Positional Audio revisiting


rawnar
 Share

Recommended Posts

While slicer is working on a new implementation for positional audio I would like to share my ideas with the rest.


One of the main problems, with how positional audio is implemented at the moment, is that when you have a speaker configuration that is mainly positioned in front of you also the sound from the front will be harder then from the back. This topic will give information about the problem and the terms used here. One of my ideas was to shift the listener to the centre of mass of the speakers. The effect of this is that the sum of the dot products between the speakers and the source direction vector will be zero. And this is what we want, as it will result in that the total volume over all the speakers will be independent to the direction of the source.
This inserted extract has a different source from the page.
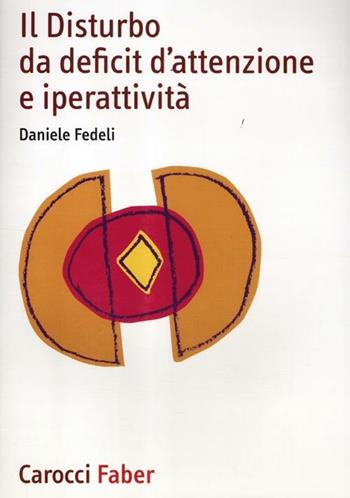 Il disturbo da deficit d'attenzione e iperattività - Daniele Fedeli - Libro Carocci 2012, I manuali | Libraccio.it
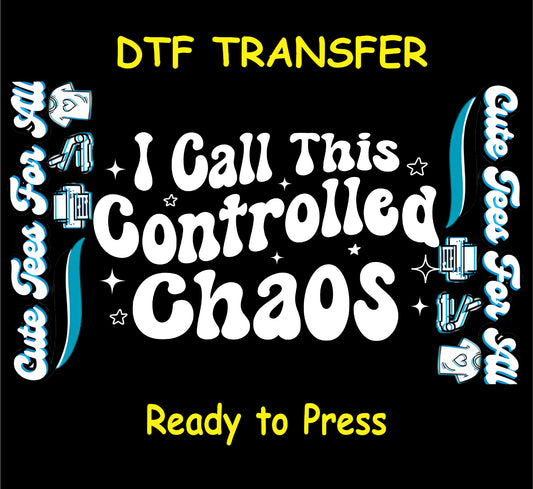 Ready to press dtf transfer artwork featuring the quote I Call This Controlled Chaos in bold white retro lettering with star and sparkle accents on a black background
This can also be implemented without putting extra load in the CPU during use, as the shift of the speaker only has to be performed ones. We still have to be careful that the sub woofer does not mess up the system, we just need to leave it out of the centre of mass calculations and the corresponding shift. One problem with this system is that the dot product can be larger then 1.0.
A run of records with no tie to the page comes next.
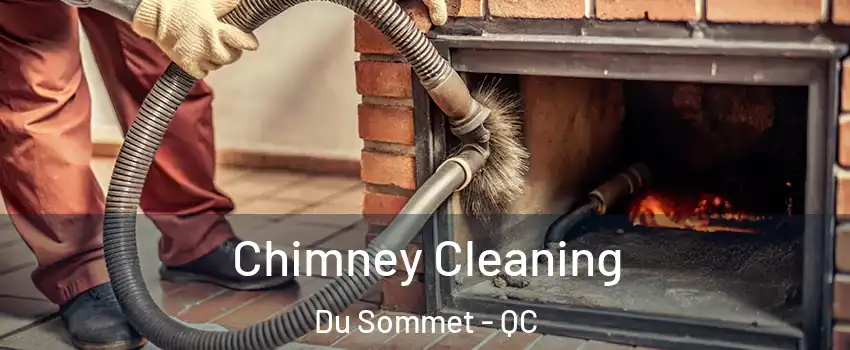  Chimney Cleaning Du Sommet - QC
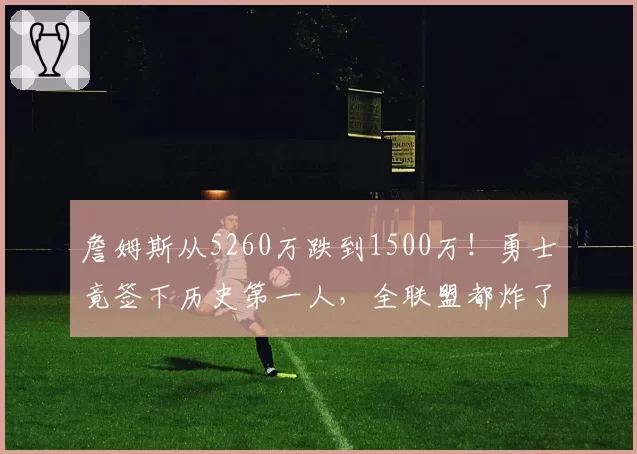 詹姆斯从5260万跌到1500万!勇士竟签下历史第一人,全联盟都炸了
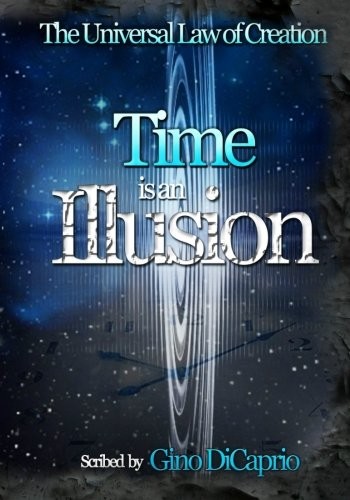 TIME IS AN ILLUSION: BOOK II - EDITED EDITION (THE By Gino Dicaprio & Shelley - Foto 1 di 1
The previous idea also showed me that the overall volume is reduced when switching to positional audio. In a no positional audio case all the speakers will have a volume of 1.0, so the total volume is the amount of speakers. In the positional audio case, even when one has a nice even distribution of speakers, the total volume will be the amount of speakers divided by 2. In the gain calculation first 1 is added to the dot product after which it is divided by 2, so if the sum of dot is zero then the sum of the gain will be the amount of speakers divided by 2. An easy fix for this would be, when not in positional audio divided the volume of the speakers by 2. But this can cause that mumble will sound soft with respect to other sound programs.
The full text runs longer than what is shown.